== Collected data ==
--*--

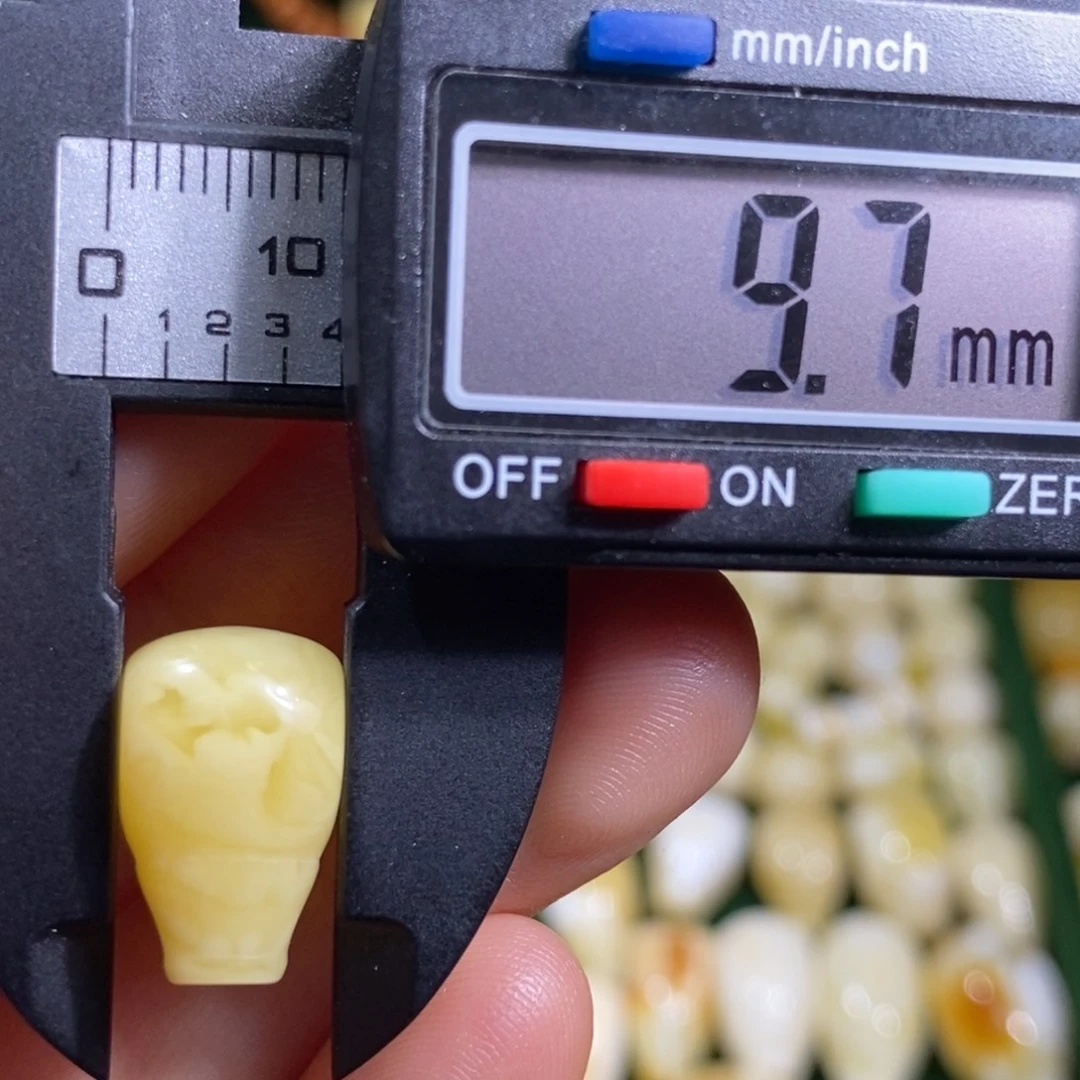 蜜蜡未镶嵌裸石配饰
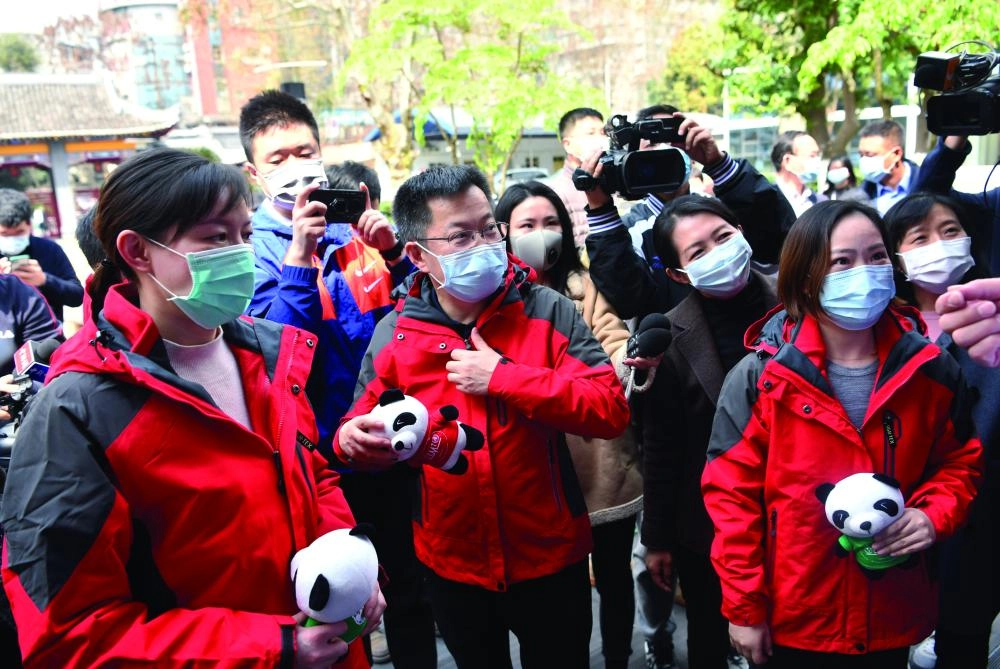 






خبراء صينيون يتحدثون لوسائل الإعلام قبل سفرهم لمساعدة إيطاليا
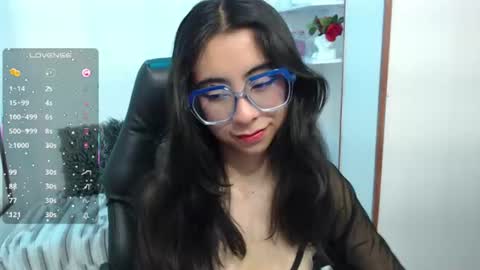 Snapshot of kalilowe_ chatting on 06/25/26, 04:22 Kali online show from 06/25/26, 04:22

--*--

== What this task involves ==
The required answer is an exact copy of the lines from the one containing "خبراء صينيون يتحدثون" through the last line of the material, with the pictures removed.

== Exercise result ==
خبراء صينيون يتحدثون لوسائل الإعلام قبل سفرهم لمساعدة إيطاليا
 Snapshot of kalilowe_ chatting on 06/25/26, 04:22 Kali online show from 06/25/26, 04:22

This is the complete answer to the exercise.